Your concern is correct: If your input is a list of files, rather than
the files themselves, then the tasks would not be data-local - since
the task input would just be the list of files, and the files' data
may reside on any node/rack of the cluster.
However, your job will still run as the HDFS reads do remote reads
transparently without developer intervention and all will still work
as you've written it to. If a block is found local to the DN, it is
read locally as well - all of this is automatic.
Are your input lists big (for each compressed output)? And is the list
arbitrary or a defined list per goal?
On Tue, Mar 5, 2013 at 5:19 PM, Julian Bui <firstname.lastname@example.org> wrote:
> Hi hadoop users,
> I'm trying to find out if computation migration is something the developer
> needs to worry about or if it's supposed to be hidden.

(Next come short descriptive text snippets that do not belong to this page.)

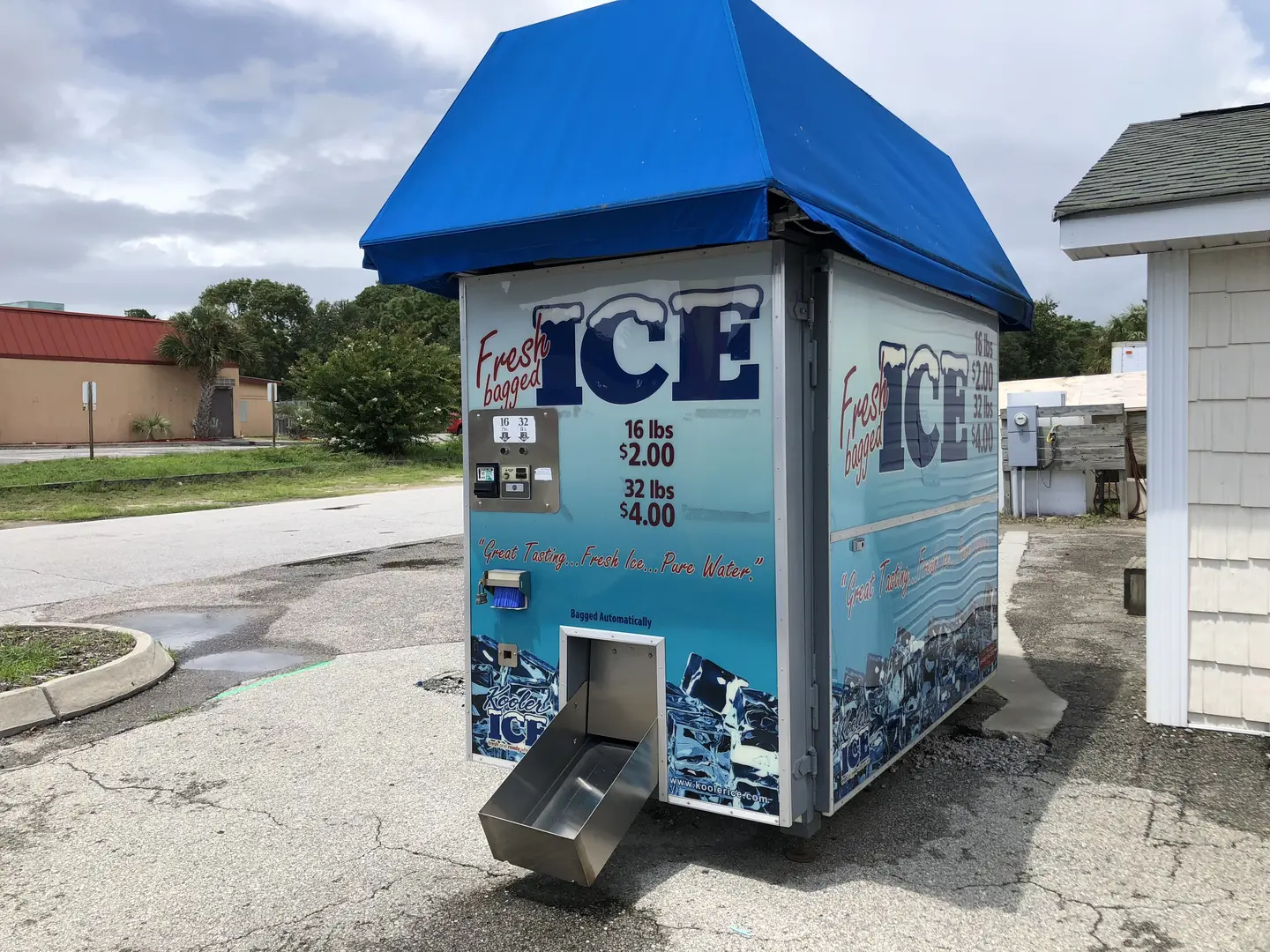 Ice vending machine under blue canopy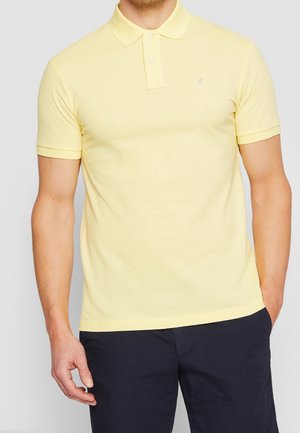 Mann trägt ein hellgelbes Poloshirt mit kurzen Ärmeln und zwei Knöpfen, kombiniert mit dunkelblauen Hosen, steht mit einer Hand in der Tasche.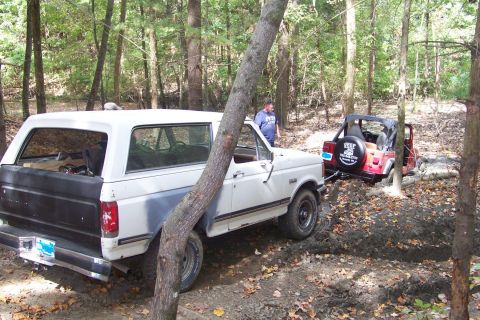 1989 Ford Bronco - White full-size Ford Bronco with a black primered tailgate and removable hardtop sits in a muddy wooded trail, viewed from the 3/4 rear dri…
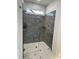 Large walk-in shower with gray tile and glass enclosure at 208 Beths Ct # 35, York, SC 29745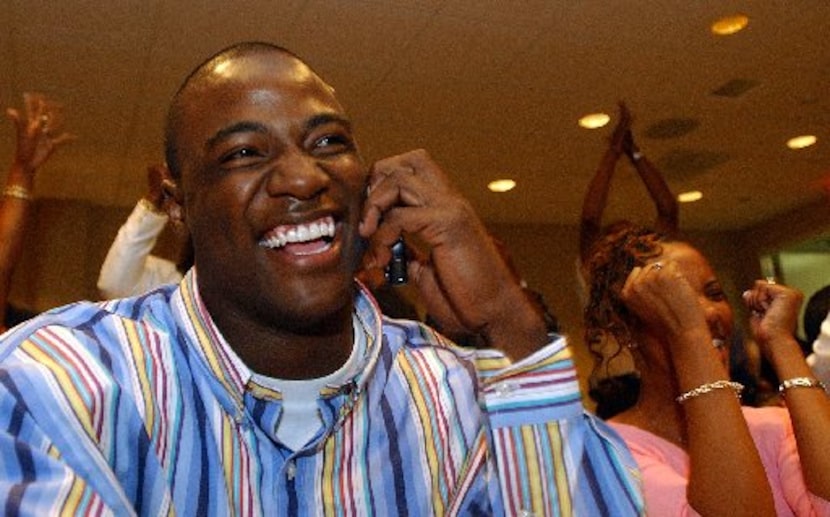  Troy defensive end DeMarcus Ware, seated next to fiancee Taniqua Smith, reacts to news that...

> I would like to use hadoop to take in a list of image paths in the hdfs and
> then have each task compress these large, raw images into something much
> smaller - say jpeg files.
> Input: list of paths
> Output: compressed jpeg
> Since I don't really need a reduce task (I'm more using hadoop for its
> reliability and orchestration aspects), my mapper ought to just take the
> list of image paths and then work on them. As I understand it, each image
> will likely be on multiple data nodes.
> My question is how will each mapper task "migrate the computation" to the
> data nodes? I recall reading that the namenode is supposed to deal with
> this. Is it hidden from the developer? Or as the developer, do I need to
> discover where the data lies and then migrate the task to that node? Since
> my input is just a list of paths, it seems like the namenode couldn't really
> do this for me.
> Another question: Where can I find out more about this? I've looked up
> "rack awareness" and "computation migration" but haven't really found much
> code relating to either one - leading me to believe I'm not supposed to have
> to write code to deal with this.
> Anyway, could someone please help me out or set me straight on this?